TASK INPUT:
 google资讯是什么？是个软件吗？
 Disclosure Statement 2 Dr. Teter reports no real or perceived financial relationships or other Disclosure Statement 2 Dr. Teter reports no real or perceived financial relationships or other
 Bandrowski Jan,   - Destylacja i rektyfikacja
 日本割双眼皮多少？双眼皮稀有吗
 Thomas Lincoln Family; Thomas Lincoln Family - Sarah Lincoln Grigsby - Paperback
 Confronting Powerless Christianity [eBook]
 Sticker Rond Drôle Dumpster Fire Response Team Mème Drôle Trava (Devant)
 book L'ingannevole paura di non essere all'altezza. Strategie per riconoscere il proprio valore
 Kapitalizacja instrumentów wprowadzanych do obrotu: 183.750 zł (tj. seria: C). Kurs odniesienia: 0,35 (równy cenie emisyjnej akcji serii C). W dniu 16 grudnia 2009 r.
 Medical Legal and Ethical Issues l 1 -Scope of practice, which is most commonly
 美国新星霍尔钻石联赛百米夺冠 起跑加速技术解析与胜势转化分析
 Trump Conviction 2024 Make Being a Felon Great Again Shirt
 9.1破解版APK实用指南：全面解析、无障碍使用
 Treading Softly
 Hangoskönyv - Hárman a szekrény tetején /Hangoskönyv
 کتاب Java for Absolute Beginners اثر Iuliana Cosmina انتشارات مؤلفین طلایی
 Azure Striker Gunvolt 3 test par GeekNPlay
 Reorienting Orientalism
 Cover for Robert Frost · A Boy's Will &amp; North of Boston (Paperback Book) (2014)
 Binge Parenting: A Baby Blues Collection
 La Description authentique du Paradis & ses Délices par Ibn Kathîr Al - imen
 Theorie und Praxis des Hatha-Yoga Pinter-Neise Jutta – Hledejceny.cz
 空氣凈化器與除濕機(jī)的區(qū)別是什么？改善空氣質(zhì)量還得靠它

WHAT IS NEEDED: Every entry needs to be written out again, exactly as given.

OUTPUT OF THE TASK:
 google资讯是什么？是个软件吗？
 Disclosure Statement 2 Dr. Teter reports no real or perceived financial relationships or other Disclosure Statement 2 Dr. Teter reports no real or perceived financial relationships or other
 Bandrowski Jan,   - Destylacja i rektyfikacja
 日本割双眼皮多少？双眼皮稀有吗
 Thomas Lincoln Family; Thomas Lincoln Family - Sarah Lincoln Grigsby - Paperback
 Confronting Powerless Christianity [eBook]
 Sticker Rond Drôle Dumpster Fire Response Team Mème Drôle Trava (Devant)
 book L'ingannevole paura di non essere all'altezza. Strategie per riconoscere il proprio valore
 Kapitalizacja instrumentów wprowadzanych do obrotu: 183.750 zł (tj. seria: C). Kurs odniesienia: 0,35 (równy cenie emisyjnej akcji serii C). W dniu 16 grudnia 2009 r.
 Medical Legal and Ethical Issues l 1 -Scope of practice, which is most commonly
 美国新星霍尔钻石联赛百米夺冠 起跑加速技术解析与胜势转化分析
 Trump Conviction 2024 Make Being a Felon Great Again Shirt
 9.1破解版APK实用指南：全面解析、无障碍使用
 Treading Softly
 Hangoskönyv - Hárman a szekrény tetején /Hangoskönyv
 کتاب Java for Absolute Beginners اثر Iuliana Cosmina انتشارات مؤلفین طلایی
 Azure Striker Gunvolt 3 test par GeekNPlay
 Reorienting Orientalism
 Cover for Robert Frost · A Boy's Will &amp; North of Boston (Paperback Book) (2014)
 Binge Parenting: A Baby Blues Collection
 La Description authentique du Paradis & ses Délices par Ibn Kathîr Al - imen
 Theorie und Praxis des Hatha-Yoga Pinter-Neise Jutta – Hledejceny.cz
 空氣凈化器與除濕機(jī)的區(qū)別是什么？改善空氣質(zhì)量還得靠它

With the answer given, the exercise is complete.